Inhofe Comments on NRC 90 Day Post Fukushima Report
July 12, 2011

Contact:

Matt Dempsey matt_dempsey@epw.senate.gov

Katie Brown katie_brown@epw.senate.gov

Inhofe Comments on NRC 90 Day Post Fukushima Report

Washington, D.C.-Senator James Inhofe (R-Okla.), Ranking Member of the Senate Committee on Environment and Public Works, commented today on the release of the Nuclear Regulatory Commission's (NRC's) "Near Term Task Force Review of Insights From the Fukushima Daiichi Accident". 

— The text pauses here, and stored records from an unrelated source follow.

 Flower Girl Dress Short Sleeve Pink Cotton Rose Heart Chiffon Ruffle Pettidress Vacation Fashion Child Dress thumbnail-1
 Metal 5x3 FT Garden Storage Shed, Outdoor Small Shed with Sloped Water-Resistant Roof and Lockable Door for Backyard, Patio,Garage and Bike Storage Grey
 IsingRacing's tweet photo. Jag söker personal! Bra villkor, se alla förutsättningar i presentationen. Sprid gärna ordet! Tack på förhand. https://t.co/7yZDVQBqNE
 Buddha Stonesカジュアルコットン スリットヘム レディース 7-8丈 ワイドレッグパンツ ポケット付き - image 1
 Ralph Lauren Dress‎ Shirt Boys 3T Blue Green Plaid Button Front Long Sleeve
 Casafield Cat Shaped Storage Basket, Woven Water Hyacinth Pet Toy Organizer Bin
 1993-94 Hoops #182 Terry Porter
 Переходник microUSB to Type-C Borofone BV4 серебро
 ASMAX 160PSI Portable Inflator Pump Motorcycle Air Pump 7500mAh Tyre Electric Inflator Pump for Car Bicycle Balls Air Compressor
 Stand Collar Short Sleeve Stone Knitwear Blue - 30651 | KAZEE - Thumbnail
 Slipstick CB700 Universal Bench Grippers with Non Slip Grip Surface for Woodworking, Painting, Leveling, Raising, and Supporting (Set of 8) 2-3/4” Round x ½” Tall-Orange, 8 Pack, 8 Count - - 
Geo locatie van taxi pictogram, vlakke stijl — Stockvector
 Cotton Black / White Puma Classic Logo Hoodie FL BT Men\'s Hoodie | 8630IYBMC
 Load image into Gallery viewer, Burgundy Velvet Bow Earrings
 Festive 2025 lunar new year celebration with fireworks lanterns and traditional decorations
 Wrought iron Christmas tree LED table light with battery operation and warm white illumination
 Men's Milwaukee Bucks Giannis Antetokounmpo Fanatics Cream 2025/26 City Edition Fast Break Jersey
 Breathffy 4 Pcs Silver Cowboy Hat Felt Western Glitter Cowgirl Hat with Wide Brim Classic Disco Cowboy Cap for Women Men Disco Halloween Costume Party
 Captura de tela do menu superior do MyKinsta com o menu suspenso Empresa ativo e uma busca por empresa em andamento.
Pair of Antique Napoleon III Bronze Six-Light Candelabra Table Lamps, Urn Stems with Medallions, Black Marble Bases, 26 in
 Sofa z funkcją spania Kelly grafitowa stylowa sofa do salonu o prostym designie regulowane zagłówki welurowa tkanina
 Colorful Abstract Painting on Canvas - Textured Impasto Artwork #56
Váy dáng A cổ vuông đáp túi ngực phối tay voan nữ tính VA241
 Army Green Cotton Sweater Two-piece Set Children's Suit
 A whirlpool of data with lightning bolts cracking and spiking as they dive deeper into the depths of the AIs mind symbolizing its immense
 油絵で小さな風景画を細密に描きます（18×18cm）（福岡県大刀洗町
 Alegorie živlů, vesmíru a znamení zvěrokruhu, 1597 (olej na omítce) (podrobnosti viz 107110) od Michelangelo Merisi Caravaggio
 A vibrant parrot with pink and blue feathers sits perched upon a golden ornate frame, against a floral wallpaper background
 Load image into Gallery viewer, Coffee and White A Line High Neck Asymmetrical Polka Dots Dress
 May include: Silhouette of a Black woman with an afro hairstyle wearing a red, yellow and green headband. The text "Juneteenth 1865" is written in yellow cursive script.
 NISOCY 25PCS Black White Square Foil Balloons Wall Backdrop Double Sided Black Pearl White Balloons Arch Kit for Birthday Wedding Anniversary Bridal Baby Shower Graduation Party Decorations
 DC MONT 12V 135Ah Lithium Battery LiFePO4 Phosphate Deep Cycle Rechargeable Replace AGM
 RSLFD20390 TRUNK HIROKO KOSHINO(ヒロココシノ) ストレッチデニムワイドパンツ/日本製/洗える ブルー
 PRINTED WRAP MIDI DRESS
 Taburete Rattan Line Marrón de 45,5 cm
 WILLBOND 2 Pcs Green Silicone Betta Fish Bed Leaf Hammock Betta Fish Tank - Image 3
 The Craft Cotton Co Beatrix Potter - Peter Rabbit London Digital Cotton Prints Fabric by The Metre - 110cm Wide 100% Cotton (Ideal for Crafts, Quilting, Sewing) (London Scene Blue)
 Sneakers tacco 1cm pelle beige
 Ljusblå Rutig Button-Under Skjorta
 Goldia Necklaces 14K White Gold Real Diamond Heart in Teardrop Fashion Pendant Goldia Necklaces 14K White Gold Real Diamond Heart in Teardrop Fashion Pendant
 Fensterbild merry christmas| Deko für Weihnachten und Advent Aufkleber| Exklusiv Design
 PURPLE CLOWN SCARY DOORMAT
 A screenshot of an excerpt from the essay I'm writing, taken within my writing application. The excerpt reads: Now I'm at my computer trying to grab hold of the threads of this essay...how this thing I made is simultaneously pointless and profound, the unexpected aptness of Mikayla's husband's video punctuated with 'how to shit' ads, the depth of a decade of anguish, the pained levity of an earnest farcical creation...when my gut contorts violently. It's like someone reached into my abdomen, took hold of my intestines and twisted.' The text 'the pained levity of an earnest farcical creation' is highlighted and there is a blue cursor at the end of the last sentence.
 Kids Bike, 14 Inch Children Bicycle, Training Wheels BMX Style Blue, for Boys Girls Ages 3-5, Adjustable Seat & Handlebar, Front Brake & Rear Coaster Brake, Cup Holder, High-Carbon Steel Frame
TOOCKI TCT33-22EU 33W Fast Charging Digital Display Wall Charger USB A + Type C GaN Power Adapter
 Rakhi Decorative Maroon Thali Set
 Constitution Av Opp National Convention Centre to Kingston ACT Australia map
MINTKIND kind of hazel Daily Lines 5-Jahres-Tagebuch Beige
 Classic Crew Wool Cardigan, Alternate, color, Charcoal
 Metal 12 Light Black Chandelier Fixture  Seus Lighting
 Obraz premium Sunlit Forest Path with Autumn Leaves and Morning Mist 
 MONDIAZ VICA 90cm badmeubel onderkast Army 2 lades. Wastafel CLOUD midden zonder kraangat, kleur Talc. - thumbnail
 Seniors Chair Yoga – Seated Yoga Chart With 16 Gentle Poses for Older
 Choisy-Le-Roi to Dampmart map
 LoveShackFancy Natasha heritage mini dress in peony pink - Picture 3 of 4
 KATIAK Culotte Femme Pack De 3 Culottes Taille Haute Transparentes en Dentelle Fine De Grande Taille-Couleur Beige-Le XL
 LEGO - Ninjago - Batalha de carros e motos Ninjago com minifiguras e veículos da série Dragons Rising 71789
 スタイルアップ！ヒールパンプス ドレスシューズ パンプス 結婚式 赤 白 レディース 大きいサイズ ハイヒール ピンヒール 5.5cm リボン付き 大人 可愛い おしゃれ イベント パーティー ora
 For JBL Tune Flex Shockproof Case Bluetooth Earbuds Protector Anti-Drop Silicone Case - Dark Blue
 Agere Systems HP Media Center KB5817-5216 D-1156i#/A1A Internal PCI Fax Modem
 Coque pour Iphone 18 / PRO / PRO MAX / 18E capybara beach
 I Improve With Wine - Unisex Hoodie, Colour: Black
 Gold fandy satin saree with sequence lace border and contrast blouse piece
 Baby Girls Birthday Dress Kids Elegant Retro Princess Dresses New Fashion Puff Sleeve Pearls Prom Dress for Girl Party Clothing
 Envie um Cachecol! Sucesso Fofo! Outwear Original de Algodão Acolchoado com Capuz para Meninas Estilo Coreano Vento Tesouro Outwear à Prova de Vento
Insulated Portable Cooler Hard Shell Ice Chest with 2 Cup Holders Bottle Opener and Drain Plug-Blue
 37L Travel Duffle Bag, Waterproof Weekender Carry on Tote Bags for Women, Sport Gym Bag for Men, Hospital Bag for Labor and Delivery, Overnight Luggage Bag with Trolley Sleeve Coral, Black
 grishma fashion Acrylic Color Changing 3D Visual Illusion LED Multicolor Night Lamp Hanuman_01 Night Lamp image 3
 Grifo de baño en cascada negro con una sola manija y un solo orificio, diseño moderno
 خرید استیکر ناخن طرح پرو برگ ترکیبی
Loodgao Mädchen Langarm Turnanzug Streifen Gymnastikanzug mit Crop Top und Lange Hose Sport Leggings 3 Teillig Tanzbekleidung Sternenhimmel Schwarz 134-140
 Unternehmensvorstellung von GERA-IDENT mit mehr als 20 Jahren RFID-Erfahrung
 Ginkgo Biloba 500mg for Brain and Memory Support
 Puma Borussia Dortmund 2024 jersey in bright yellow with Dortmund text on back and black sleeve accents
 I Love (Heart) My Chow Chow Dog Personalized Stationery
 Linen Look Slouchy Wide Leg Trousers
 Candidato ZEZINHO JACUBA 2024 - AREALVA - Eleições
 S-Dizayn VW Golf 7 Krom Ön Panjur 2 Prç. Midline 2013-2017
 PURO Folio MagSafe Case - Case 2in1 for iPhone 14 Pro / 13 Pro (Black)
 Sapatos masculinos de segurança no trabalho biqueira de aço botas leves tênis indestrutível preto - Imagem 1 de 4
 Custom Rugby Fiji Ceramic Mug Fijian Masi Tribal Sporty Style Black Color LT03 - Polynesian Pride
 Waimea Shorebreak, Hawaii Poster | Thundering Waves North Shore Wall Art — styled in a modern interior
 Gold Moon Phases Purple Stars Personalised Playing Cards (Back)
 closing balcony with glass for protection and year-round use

"In the wake of the Fukushima accident NRC Chairman Greg Jaczko has assured us repeatedly that our nuclear reactors are safe," Senator Inhofe said. "Jaczko testified before the EPW Committee in April saying, ‘we believe that plants in the United States continue to operate safely' and he reaffirmed this statement again in his testimony in June.  So why has the NRC suddenly recommended sweeping regulatory changes in this report apparently without an adequate technical or regulatory basis to justify these modifications?  Even the task force acknowledges in the report that its understanding of the accident has been constrained by the fact that key information was, "...in many cases, unavailable, unreliable, or ambiguous..."  Only last month, NRC staff admitted that the Fukushima Daiichi spent fuel pools were believed to be intact, contrary to Chairman Jaczko's testimony before Congress March 16 that at least one of the pools had lost most if not all of its water.

"Also, a nuclear accident in Japan should not automatically be viewed as an indictment of U.S. institutional structures and nuclear safety requirements.  Our regulatory systems and culture are fundamentally different, most notably with the establishment in the United States of the NRC early in the industry's history whose sole focus is to regulate the safe use of nuclear materials.  A systematic and methodical regulatory comparison should determine if there are differences that either indicate necessary safety enhancements or provide added confidence that our nuclear safety regime adequately protects public health and safety.  Changes in our system may be necessary, but sweeping revisions are premature without first taking into account the full extent of the differences between the United States' and Japan's nuclear safety regulations. 

"Nuclear energy accounts for roughly 20% of US electricity generation-it is essential for providing reliable, clean energy for America.  As this report comes to light, I am concerned that it will become another weapon in the Obama Administration's attack on affordable energy, or an excuse to unleash a regulatory agenda that will only harm our economy."